AGE joins EU project on smart textiles for independent living

Assistive Technologies (AT) can help older persons live independently for longer. However, they are often experienced as stigmatising and uncomfortable due to a lack of relevance, poor design, or weak reliability. Therefore, older persons too often give them up instead of benefitting from them. The EU-funded MATUROLIFE project aims at addressing this gap by co-designing prototypes of new ATs with end-users. Functional but more fashionable, desirable and acceptable AT solutions in the areas of footwear, clothing and furniture will be developed. AGE will ensure during the whole duration of the project, together with EUROCARERS, the genuine end users’ engagement in the prototypes’ development.

Smart Textile_pinterest Most existing ATs are currently used for tele-monitoring, fall prevention, healthy eating, physical activity, and robotics. MATUROLIFE will make a breakthrough by developing smart textiles and fabrics to contribute to the independence, quality of life and dignity of older persons living in urban areas. Better designed and accepted ATs will also help reduce the costs of long-term care due to reduced needs.

To do so, MATUROLIFE will follow a genuine co-design approach. The co-design approach will take the form of co-creation workshops where older persons will be directly involved and will work together with designers. At a later stage, once the prototypes are developed, they will again be invited to test the suggested solutions. The workshops will be held in all nine countries of the project consortium to make sure that various cultural values are taken into account and if needed to adapt the solutions to each country.

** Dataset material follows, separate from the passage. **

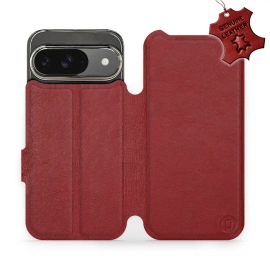 Hülle für Google Pixel 9 - Farbe Dark Red Leather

The prototypes will address three areas: clothing, footwear, furniture

  • Clothing: the discreet incorporation of sensors to alert for movements, vital signs and dehydration. Dehydration is particularly important which is associated with increased rates of urinary tract infections, constipation, etc.
  • Furniture: sofas and seats with sensors to detect ambient and body temperature – to prompt activity and an adjustment of environmental conditions to meet individual needs.
  • Footwear: shoes for tracking and warning of danger. Many older people live in small flats in urban environments and this AT would help to avoid falls (as well as alerting to collapse) particularly for visually impaired and with blue tooth beacons and receptors, safe areas could be created. In addition, this type of AT could support tracking and way-finding.

AGE Platform Europe will be responsible to ensure the involvement of older persons as end-users, by running a Stakeholder Representative Panel during the course of the project and by recruiting individuals to participate in the co-creation workshops and in the testing phases of the developed solutions.